See the caveats in the documentation: https://pandas.pydata.org/pandas-docs/stable/user_guide/indexing.html#returning-a-view-versus-a-copy
  sub_log_df['date'] = pd.to_datetime(sub_log_df['date']).dt.strftime('%Y-%m-%d')


Unnamed: 0,date,operator,note
0,2022-04-24,1,2-4D round up burn down
1,2022-04-27,2,"20oz ru, 11 24d"
2,2022-04-27,2,20 oz ru/ 11 oz 24d
3,2022-04-27,2,20 oz ru. 11 oz 24d
4,2022-04-27,2,20 oz ru 11 oz 24d
...,...,...,...
428,2022-11-17,5,VRF MAP: 153 lbs/ac\nVRF Potash: 133 lbs/ac
429,2022-11-17,5,VRF MAP: 139 lbs/ac\nVRF Potash: 121 lbs/ac
430,2022-11-17,5,VRF MAP: 154 lbs/ac
431,2022-11-17,5,VRF MAP: 115.8 lbs/ac


Now, we have everything ready.
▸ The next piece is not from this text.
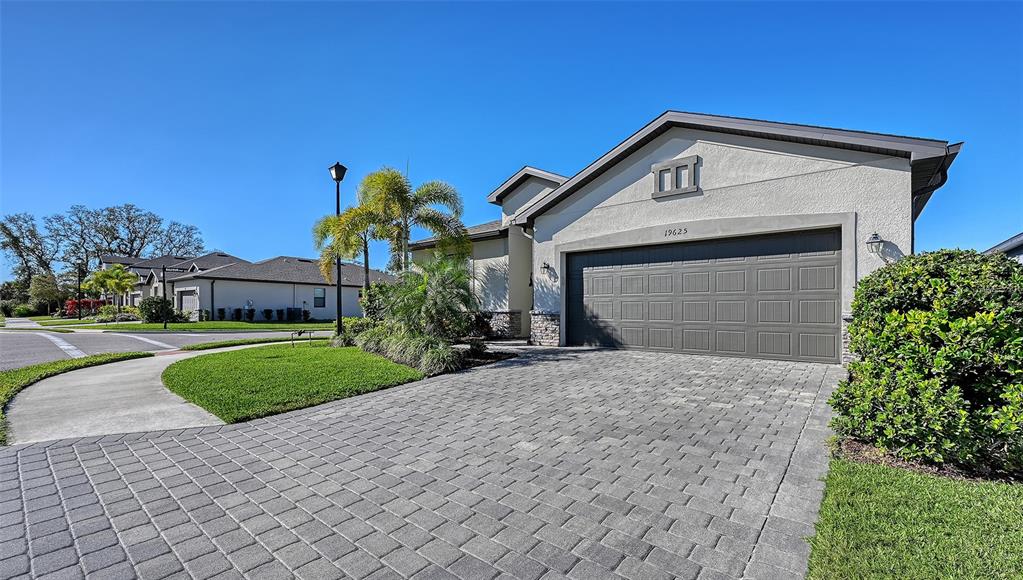 A single-story house with a gray garage door and a paved driveway under a clear sky — 19625 FISHHAWK TRAIL, VENICE, FL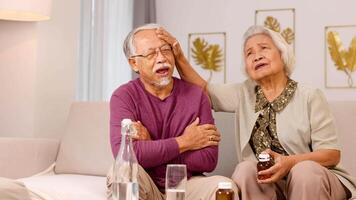An elderly couple in a cozy living room, showing care and concern. Warm lighting and intimate setting enhance the emotional connection video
Let's create the final dictionary.

In [17]:
logs = []
for index, row in sub_log_df.iterrows():
    logs.append({
        "model": "acrelog.operation", 
        "pk": index+1,
        "fields": {
            "date": row['date'],
            "operator": row['operator'],
            "note": row['note'],
        }
    })
logs

[{'model': 'acrelog.operation',
  'pk': 1,
  'fields': {'date': '2022-04-24',
   'operator': 1,
   'note': '2-4D round up burn down '}},
 {'model': 'acrelog.operation',
  'pk': 2,
  'fields': {'date': '2022-04-27', 'operator': 2, 'note': '20oz ru, 11 24d'}},
 {'model': 'acrelog.operation',
  'pk': 3,
  'fields': {'date': '2022-04-27',
   'operator': 2,
   'note': '20 oz ru/ 11 oz 24d'}},
 {'model': 'acrelog.operation',
  'pk': 4,
  'fields': {'date': '2022-04-27',
   'operator': 2,
   'note': '20 oz ru. 11 oz 24d'}},
 {'model': 'acrelog.operation',
  'pk': 5,
  'fields': {'date': '2022-04-27',
   'operator': 2,
   'note': '20 oz ru 11 oz 24d'}},
 {'model': 'acrelog.operation',
  'pk': 6,
  'fields': {'date': '2022-04-27', 'operator': 1, 'note': nan}},
 {'model': 'acrelog.operation',
  'pk': 7,
  'fields': {'date': '2022-04-27', 'operator': 1, 'note': nan}},
 {'model': 'acrelog.operation',
  'pk': 8,
  'fields': {'date': '2022-04-27', 'operator': 1, 'note': nan}},
 {'model': 'acrelog.op

You can dump the dictionary to JSON then load the JSON file to the database.